L’Iran, qui a connu huit années de guerre d’usure contre l’Irak — marquées par des bombardements de villes, des sanctions, des sièges et des troubles internes — reste uni dans son hostilité envers Israël. Cette hostilité, enracinée dans les raisons mêmes qui ont conduit la révolution islamique à renverser le Shah, n’a fait que se renforcer sous les politiques israéliennes et la guerre en cours.

Cela explique l’absence de signes de mécontentement populaire, militaire ou diplomatique au sein de l’Iran qui pourrait menacer le régime. Renverser un régime qui gouverne 90 millions d’habitants ne peut se faire par des frappes aériennes seules. L’exemple de l’Irak de Saddam Hussein est éloquent : malgré plus d’une décennie de bombardements et de sanctions, son régime n’est tombé qu’à la suite d’une invasion terrestre.

Israël semble croire que l’élimination du guide suprême iranien, l’ayatollah Ali Khamenei, pourrait précipiter la chute du régime.

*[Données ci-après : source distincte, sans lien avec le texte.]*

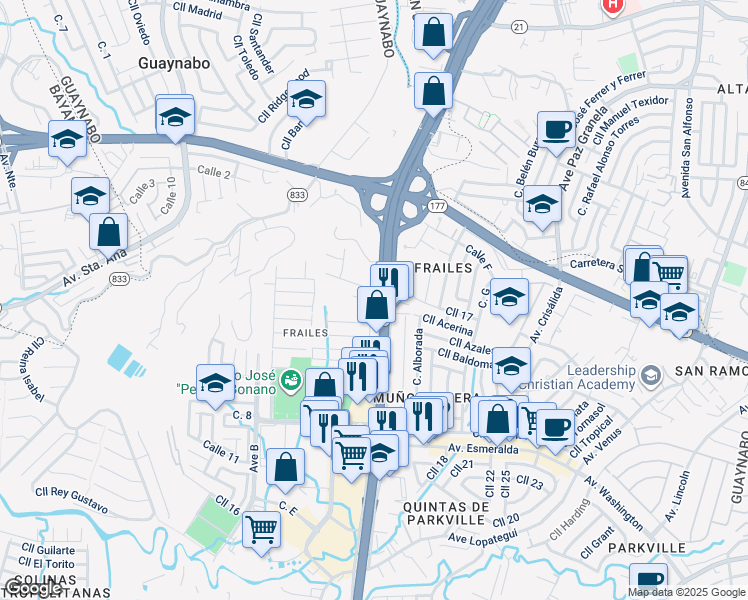 map of restaurants, bars, coffee shops, grocery stores, and more near in Guaynabo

Si le Premier ministre Benjamin Netanyahu est resté plus discret que son ministre de la Défense Israël Katz et d’autres sur cet objectif, l’intention est claire. Mais même si cet acte était accompli, il est peu probable qu’il déstabilise le régime ou change fondamentalement le cours de la guerre, et il pourrait entraîner des conséquences graves pour Israël et la région.

Cette divergence d’objectifs met en lumière les différences entre Netanyahu et le président américain Donald Trump. Si Trump pourrait se réjouir de la chute du régime iranien, il ne veut pas en payer le prix et semble jusqu’ici satisfait d’une guerre qui pousse l’Iran vers des négociations selon ses conditions draconiennes.

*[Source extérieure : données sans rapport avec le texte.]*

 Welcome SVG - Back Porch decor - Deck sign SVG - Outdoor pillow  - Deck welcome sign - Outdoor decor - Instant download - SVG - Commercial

En Israël, malgré des succès militaires partiels, Netanyahu est critiqué pour l’absence d’un plan post-frappes contre l’Iran. Cela a alimenté le débat interne et contraint le Premier ministre à une posture défensive, comptant sur l’implication récente des États-Unis pour se désengager d’une initiative qui n’a même pas atteint son objectif nucléaire initial.

En privé, certaines analyses israéliennes — rarement exprimées publiquement pour préserver l’unité en temps de guerre — reconnaissent que les destructions infligées à l’Iran ne sont que des douleurs temporaires. Elles ne stopperont pas son programme nucléaire, ne démantèleront pas ses capacités balistiques et de dissuasion, et ne l’empêcheront pas de frapper Israël à l’avenir.

Si ce débat interne n’a pas encore conduit à une opposition franche à la guerre, il soulève des questions sur son avenir et sur le coût que devront supporter les Israéliens ordinaires, à travers l’inflation galopante et les pénuries de carburant, comme l’a relevé la presse locale.

Certains mettent en garde contre un gouvernement populiste de droite qui pourrait ne voir aucune raison de mettre fin à une guerre qui sert son agenda à court terme. D’autres redoutent que Netanyahu ne cherche à engranger de nouveaux succès médiatiques pour rassurer un public de plus en plus inquiet et immergé dans la propagande gouvernementale.

Pour l’heure, Netanyahu semble décidé à poursuivre les efforts visant à affaiblir les capacités balistiques, défensives et infrastructurelles iraniennes, ainsi que les assassinats ciblés, dans le cadre d’une vaste liste d’objectifs.

Mais la plus grande incertitude pour les Israéliens reste la durée de cette guerre — une guerre dont l’Iran pourrait bien, au final, choisir seul le moment et la manière dont elle se terminera, si elle devait se stabiliser en affrontement bilatéral direct.